Ever since HEP graduated from fortran to languages with pointers, there has been a problem restoring pointers when reading back data that had been written to a file. The various experiments have tried a great variety of solutions all have been found lacking in some way. The ideal solution:

places no additional burden on the physicist programmer; that is, the pointers are "just there", just like they were before the objects were written to disk.
is efficient, in the sense that the work required to recover the pointers is done only if and when needed.
is affordable and robust: we can afford to pay the software engineers to build and maintain solution; we do not have long delays when we discover that we need new features.
does not depend on global state; for doing things like event mixing and overlays of signal MC with data from random triggers, the concept of "the event" might be poorly defined.

If you give up any one of these requirements, the solution becomes much easier.

For Mu2e I propose a solution in which:

the default behaviour gives up efficiency so that, as much as possible, the pointers are "just there".
if the physicist-programer is willing to do some extra work, then the efficiency can be recovered.

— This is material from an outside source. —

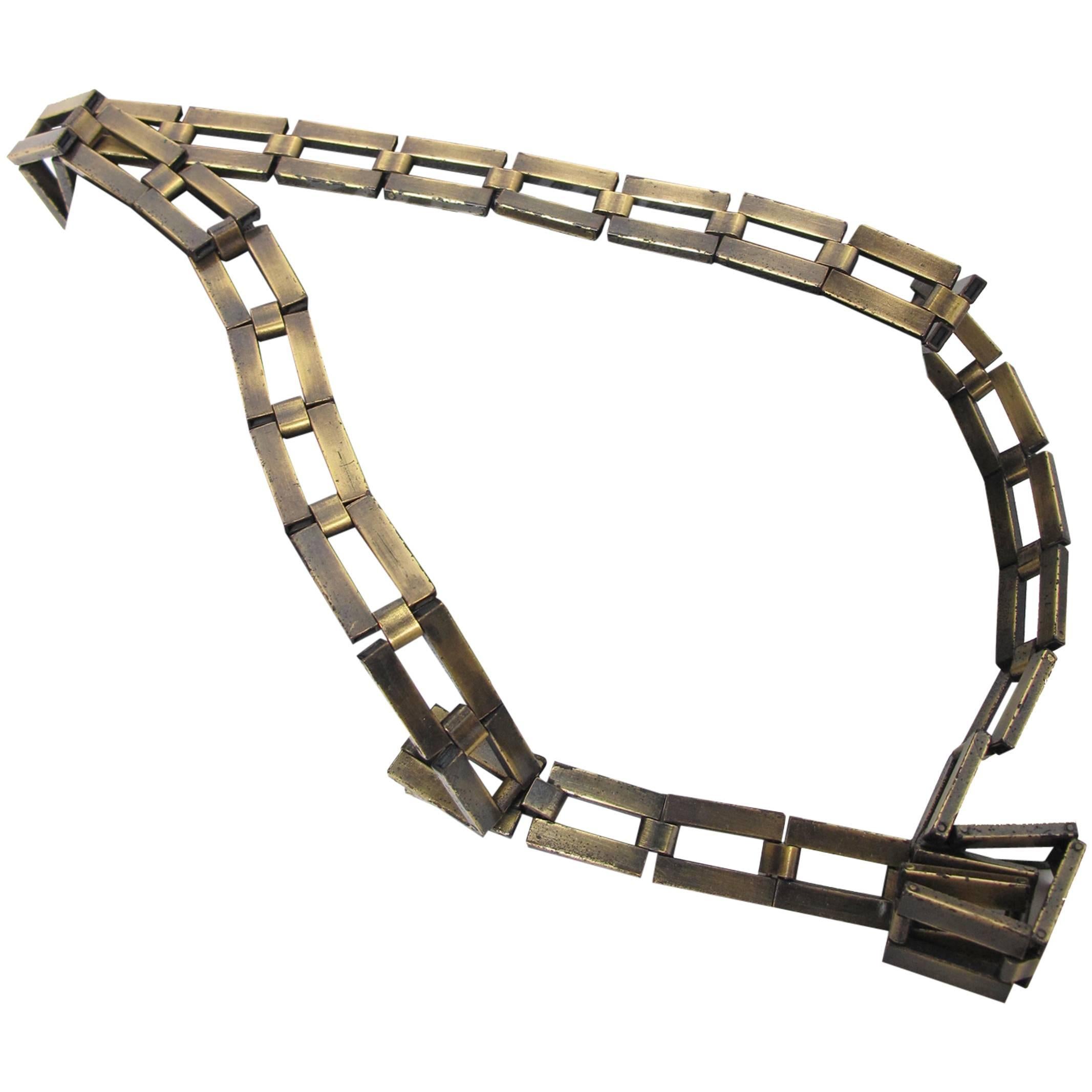 Chanel Brass Square Link Belt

The logic is that, at least for the time being, person time is much, much more expensive than CPU time. If we discover later on that it is important to recover efficiency, the tools to do so have been designed in.

At present, the solution is not quite complete and it does require two extra steps on the part of the physicist-programmer. One extra step occurs when first creating the object; that will remain. The other extra step occurs when reading data from an event; this extra step will go away in a later version of the framework.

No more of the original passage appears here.